Estimated CD epitope load
The alpha‐gliadin peptide variants differ in CD epitope composition (Table S3). The frequency of DQ2.5‐Glia‐α1a, DQ2.5‐Glia‐α1b, DQ2.5‐Glia‐α2 and DQ2.5‐Glia‐α3 epitope sequences in the total transcripts of different accessions was estimated by (i) determining the epitope composition for each individual alpha‐gliadin peptide variant and (ii) taking the frequency of the individual peptide variants into account. Epitope variants of DQ2.5‐Glia‐α1a (PFPQLQLPF and PFPHLQLPY) and DQ2.5‐Glia‐α2 (FLPQLPYPQ) for which toxicity has been demonstrated (Mitea et al., 2010) were included in the estimation.
In the alpha‐gliadin peptide variants of all A. tauschii and T. aestivum accessions a significant frequency of DQ2.5‐Glia‐α1a and DQ2.5‐Glia‐α3 epitopes was found, but all T. aestivum accessions had a lower frequency of these epitopes than most of the A. tauschii accessions (Figures 2 and S1).
Epitope DQ2.5‐Glia‐α1b was far less abundant and showed more variation in frequency among all accessions and was (almost) absent in a few A. tauschii accessions (Figure S1). DQ2.5‐Glia‐α2 frequencies were most variable in the alpha‐gliadin peptides and were high in some A. tauschii accessions and very low in some others.

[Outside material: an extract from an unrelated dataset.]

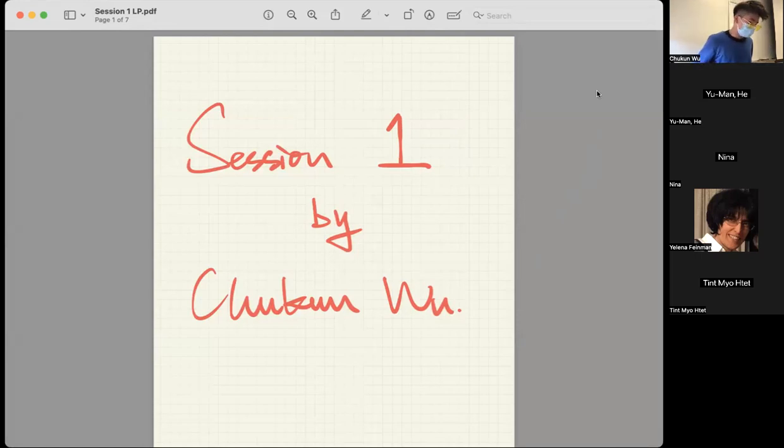Today will be our first section of my knowledge sharing series. Before we start, I have a question for you guys.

The lowest total frequency of DQ2.5‐Glia‐α epitopes was found in A. tauschii accessions Ent‐077, Ent‐078 and Ent‐367 (Figure S1).
Occurrence of the p31‐43 peptide
The gliadin peptide p31‐43, which induces an innate immunity response in CD patients, is present in 32% of the peptide variants and its presence shows no correlation (r = 0.42) with the presence of DQ2.5‐Glia‐α epitopes. The A. tauschii accession Ent‐367 appears to be completely devoid of gliadin peptide p31‐43, whereas in Ent‐77 and Ent‐78 only a few peptide fragments contain it (Figure 3). These accessions also had a low frequency of DQ2.5‐Glia‐α epitopes.
DISCUSSION
Deep amplicon sequencing of the first repetitive domain of alpha‐gliadin gene transcripts enables prediction of the (relative) CD toxicity of the alpha‐gliadin protein fraction in wheat. Based on the results reported here we analysed the translated protein expression patterns of A. tauschii. This indicated that the expression profile of the alpha‐gliadins was different between accessions from Western and Eastern clades of A. tauschii. Within each of these groups the expression profile varied among accessions. Both clades expressed many allelic variants that are not found in bread wheat, confirming and extending the results of Yan et al. (2003). In particular, the alpha‐gliadin peptide variants J11, C1 and C2 are abundantly present in several A. tauschii lines (up to 35%, 17% and 18%, respectively) but are not found in bread wheat.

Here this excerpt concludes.